Gilbert Eastin’s finances have fallen steeply from 2008, when the West Bloomfield man’s net worth was estimated at more than $2.5 billion. It was a dubious claim that would have made him richer than pizza baron Mike Ilitch — and wealthier than Detroit Lions owner William Clay Ford and auto magnate Roger Penske combined, good for 144th place on the Forbes list of richest Americans, sandwiched between Walmart and Hilton heirs.

Eastin, 82, is being sued for more than $2 million in U.S. District Court in Detroit, accused of inflating his net worth to obtain millions of dollars in life insurance. He’s accused of committing fraud and persuading John Hancock Life Insurance Co. to issue $50 million worth of life insurance policies.

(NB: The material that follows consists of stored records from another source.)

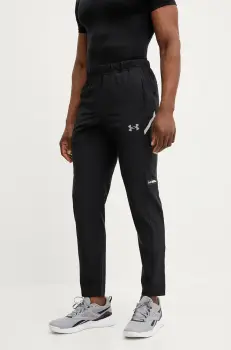 Under Armour pantaloni de antrenament Woven Utility culoarea negru, neted, 1389256 imagine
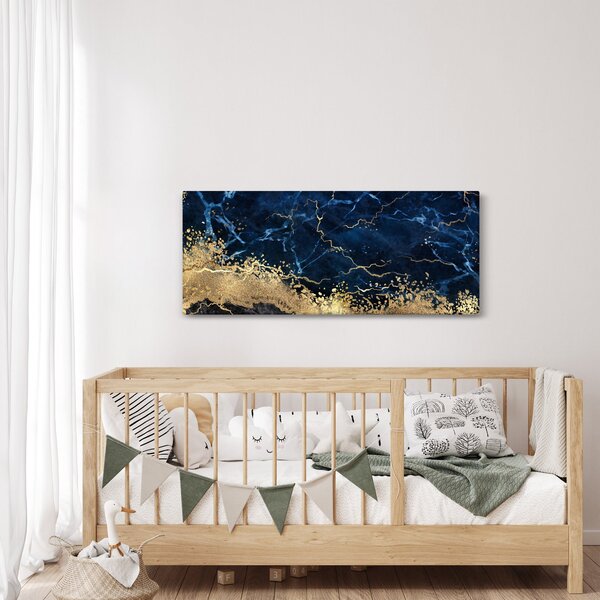 Slika - Temno modri marmor (120x50 cm)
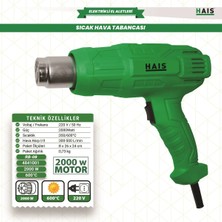 HAIS Sıcak Hava Tabancası Haıs RB08 2000 Watt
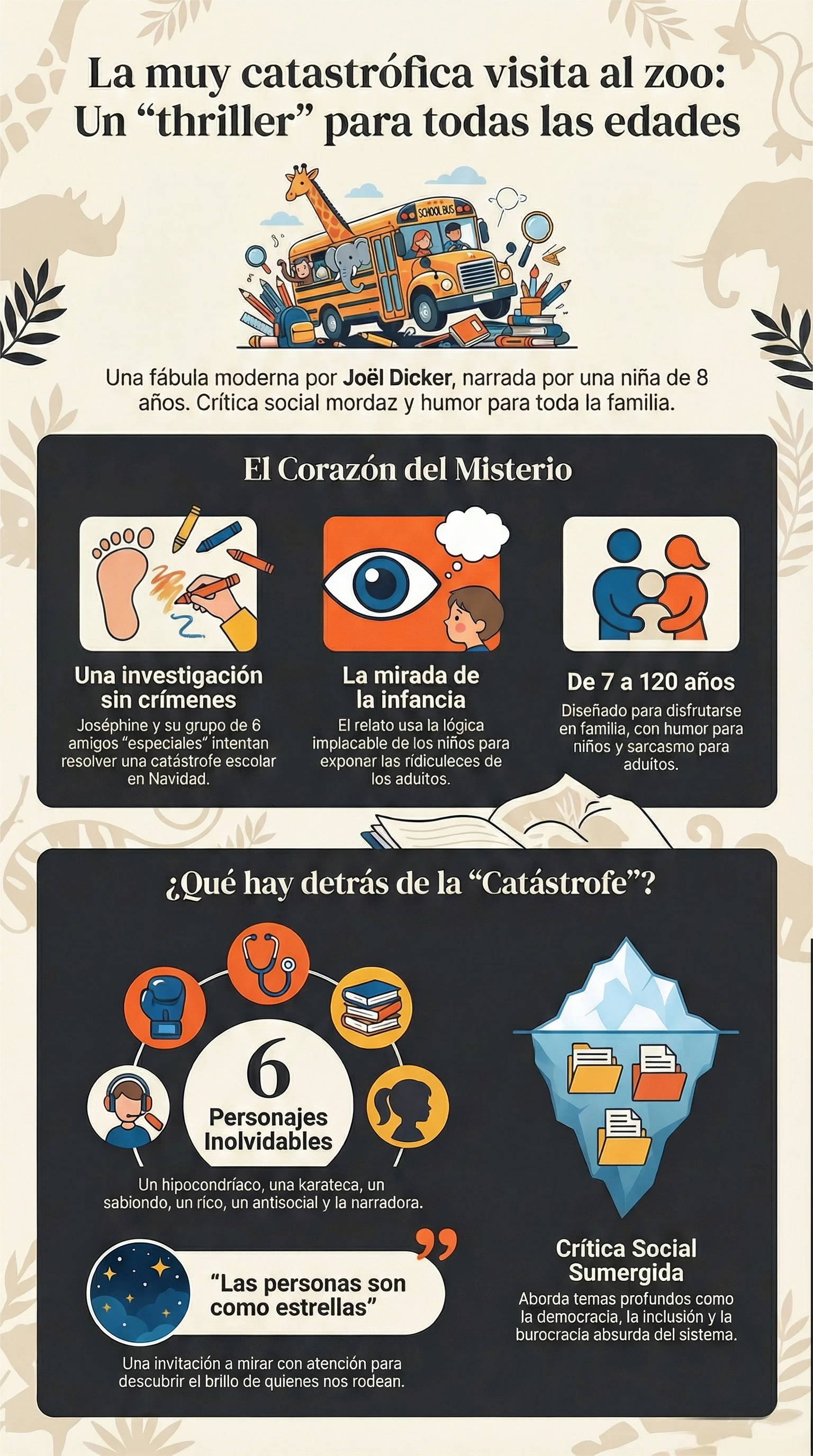 Infografía La Muy Catastrófica Visita al Zoo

Insurance industry experts say the allegations appear to match a pattern of fraud emerging nationwide. Senior citizens are recruited to inflate their net worth while applying for insurance and then transfer the policies to investors in exchange for money. The investors pay the premiums and cash in when the seniors die.

There have been more than 100 such lawsuits over so-called stranger-originated life insurance, or STOLI, policies filed nationwide in the past four or five years, said Steven Brostoff, spokesman for the American Council of Life Insurers in Washington, D.C.

More than 30 states have passed laws in recent years against such transactions. Legislation is pending in Michigan.

Eastin now admits he’s no billionaire. Or millionaire. The retired Chrysler plant supervisor says he’s a victim of shadowy businessmen from New York.
“Crooks will do a lot of things to develop a patsy,” Eastin told The Detroit News during a brief interview May 18. “They took advantage of my ignorance.” Now, he’s asking a federal judge for a freebie lawyer and hiding from a newspaper photographer behind a pillar outside U.S. District Court in downtown Detroit.

Alleged fraud starts in 2007

The alleged fraud dates to December 2007 and involves barrels filled with precious metals, a fake lawyer, exotic European locales, fantastical fortunes and the complex world of life insurance.

In late 2007, Eastin set up a trust. His daughter, Macomb Township resident Gail Welicki, was named trustee, according to federal court records.

Eastin and his daughter applied for a life insurance policy with John Hancock in mid-December 2007.

The application said Eastin’s gross annual income was $5 million and that he was worth more than $100 million.

A Brooklyn-based life insurance broker named Boruch Feder vouched for Eastin, saying he had signed a joint-venture agreement with the Ukrainian government worth 6 billion euros — or about $8.6 billion.

“Mr. Eastin’s dealings are at the highest level of government,” Feder wrote in a letter to John Hancock.

In a separate letter obtained by The Detroit News, Feder said Eastin was involved in oil exploration in Michigan, Kentucky, Ohio and West Virginia.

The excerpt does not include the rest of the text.